What to work on. Nothing but the lines below from the one with "[MF60185] Latiguillo Miflex" through the one with "Modernistyczna komoda drewniana" should be output, each exactly as given, and no pictures.

Excerpted data.
== Segment start ==

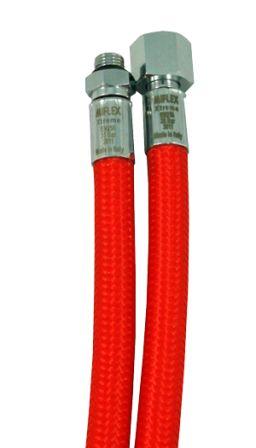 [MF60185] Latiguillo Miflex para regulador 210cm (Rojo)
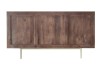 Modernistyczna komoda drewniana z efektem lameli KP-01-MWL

== Segment end ==
== Segment start ==

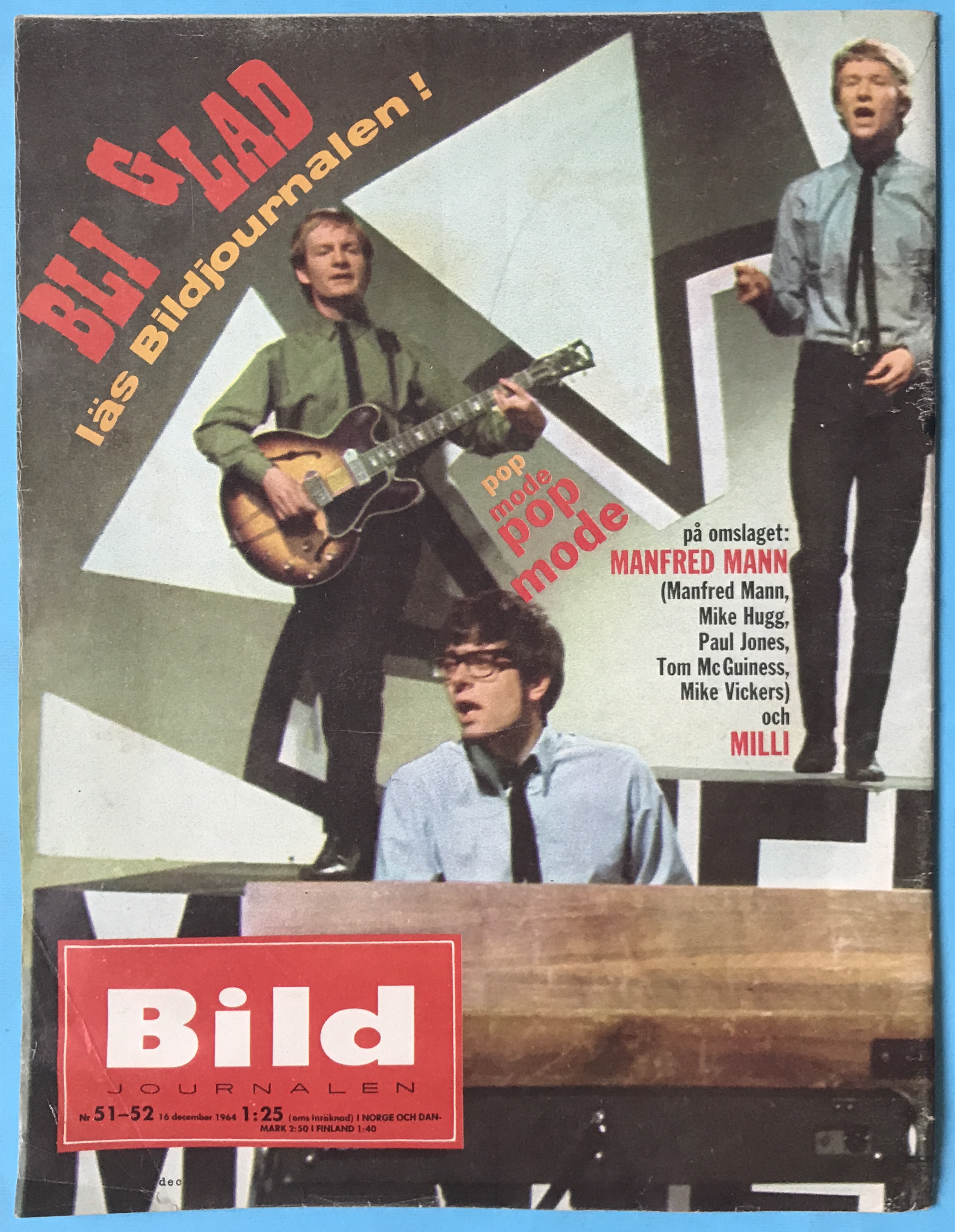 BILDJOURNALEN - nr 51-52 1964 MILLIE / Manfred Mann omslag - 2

== Segment end ==
== Segment start ==

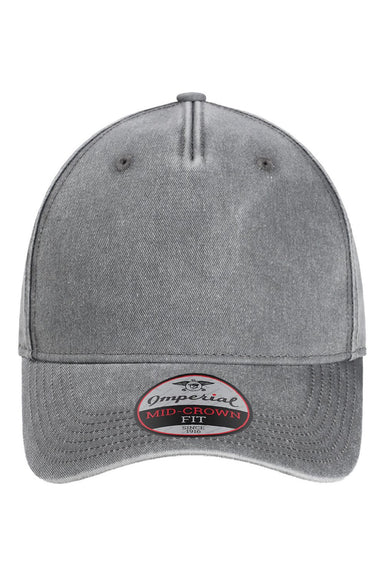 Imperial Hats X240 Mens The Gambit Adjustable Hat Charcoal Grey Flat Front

== Segment end ==

Task result.
 [MF60185] Latiguillo Miflex para regulador 210cm (Rojo)
 Modernistyczna komoda drewniana z efektem lameli KP-01-MWL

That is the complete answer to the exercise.